Exercise details: All lines in the records that carry the string "Picture" are to be shown.

Task data:
■ ■ ■

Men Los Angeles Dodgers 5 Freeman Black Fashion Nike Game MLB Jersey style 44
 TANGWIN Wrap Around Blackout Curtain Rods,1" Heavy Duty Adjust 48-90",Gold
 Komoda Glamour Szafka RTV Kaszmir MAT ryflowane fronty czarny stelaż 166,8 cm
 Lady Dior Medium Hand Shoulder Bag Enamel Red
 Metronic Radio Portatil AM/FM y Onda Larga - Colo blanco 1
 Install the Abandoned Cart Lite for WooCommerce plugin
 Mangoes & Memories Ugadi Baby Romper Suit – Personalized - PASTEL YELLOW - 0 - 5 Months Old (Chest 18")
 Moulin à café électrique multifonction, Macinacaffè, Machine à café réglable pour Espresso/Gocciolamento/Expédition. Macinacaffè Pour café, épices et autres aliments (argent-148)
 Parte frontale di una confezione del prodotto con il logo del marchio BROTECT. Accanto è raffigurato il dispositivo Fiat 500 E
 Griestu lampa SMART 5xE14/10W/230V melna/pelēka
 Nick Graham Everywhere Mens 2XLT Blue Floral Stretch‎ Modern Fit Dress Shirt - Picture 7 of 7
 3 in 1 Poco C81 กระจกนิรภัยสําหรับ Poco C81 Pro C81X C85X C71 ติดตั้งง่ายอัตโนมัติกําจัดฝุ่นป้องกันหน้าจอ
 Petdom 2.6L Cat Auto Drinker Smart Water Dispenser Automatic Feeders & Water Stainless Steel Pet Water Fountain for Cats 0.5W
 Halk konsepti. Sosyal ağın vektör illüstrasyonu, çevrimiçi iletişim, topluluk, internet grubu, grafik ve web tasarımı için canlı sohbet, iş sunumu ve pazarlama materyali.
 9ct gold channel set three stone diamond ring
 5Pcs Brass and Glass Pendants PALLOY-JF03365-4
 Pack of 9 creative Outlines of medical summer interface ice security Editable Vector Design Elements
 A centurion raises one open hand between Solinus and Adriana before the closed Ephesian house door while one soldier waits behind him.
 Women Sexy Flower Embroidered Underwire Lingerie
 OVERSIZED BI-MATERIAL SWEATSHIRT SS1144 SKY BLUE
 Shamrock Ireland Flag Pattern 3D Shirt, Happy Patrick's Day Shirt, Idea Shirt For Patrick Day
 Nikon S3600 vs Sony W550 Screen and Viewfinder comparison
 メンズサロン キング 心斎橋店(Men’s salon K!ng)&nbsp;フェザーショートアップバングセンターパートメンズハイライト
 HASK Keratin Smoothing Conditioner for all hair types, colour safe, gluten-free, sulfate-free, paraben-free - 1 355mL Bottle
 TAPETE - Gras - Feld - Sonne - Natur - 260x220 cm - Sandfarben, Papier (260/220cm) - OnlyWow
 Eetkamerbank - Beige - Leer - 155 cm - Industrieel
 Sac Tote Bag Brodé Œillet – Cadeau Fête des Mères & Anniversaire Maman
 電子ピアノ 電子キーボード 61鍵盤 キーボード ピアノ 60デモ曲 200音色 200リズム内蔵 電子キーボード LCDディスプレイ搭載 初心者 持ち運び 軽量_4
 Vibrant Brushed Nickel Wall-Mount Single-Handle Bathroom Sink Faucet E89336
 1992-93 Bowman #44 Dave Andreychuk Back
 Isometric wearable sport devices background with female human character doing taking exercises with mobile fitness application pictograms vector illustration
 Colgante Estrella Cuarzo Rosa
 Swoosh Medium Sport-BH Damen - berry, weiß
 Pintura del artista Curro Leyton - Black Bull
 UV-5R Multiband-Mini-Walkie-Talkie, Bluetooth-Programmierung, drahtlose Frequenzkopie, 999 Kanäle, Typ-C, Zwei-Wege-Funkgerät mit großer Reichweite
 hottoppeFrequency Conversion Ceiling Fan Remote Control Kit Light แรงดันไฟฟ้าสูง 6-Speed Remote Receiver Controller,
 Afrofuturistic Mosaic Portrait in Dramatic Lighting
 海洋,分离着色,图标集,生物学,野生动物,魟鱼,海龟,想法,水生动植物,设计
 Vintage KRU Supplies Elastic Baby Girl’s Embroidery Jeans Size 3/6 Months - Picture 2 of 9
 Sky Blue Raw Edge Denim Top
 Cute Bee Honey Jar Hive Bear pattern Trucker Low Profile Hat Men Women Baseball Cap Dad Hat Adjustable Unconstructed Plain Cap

■ ■ ■

Result below:
 Nick Graham Everywhere Mens 2XLT Blue Floral Stretch‎ Modern Fit Dress Shirt - Picture 7 of 7
 Vintage KRU Supplies Elastic Baby Girl’s Embroidery Jeans Size 3/6 Months - Picture 2 of 9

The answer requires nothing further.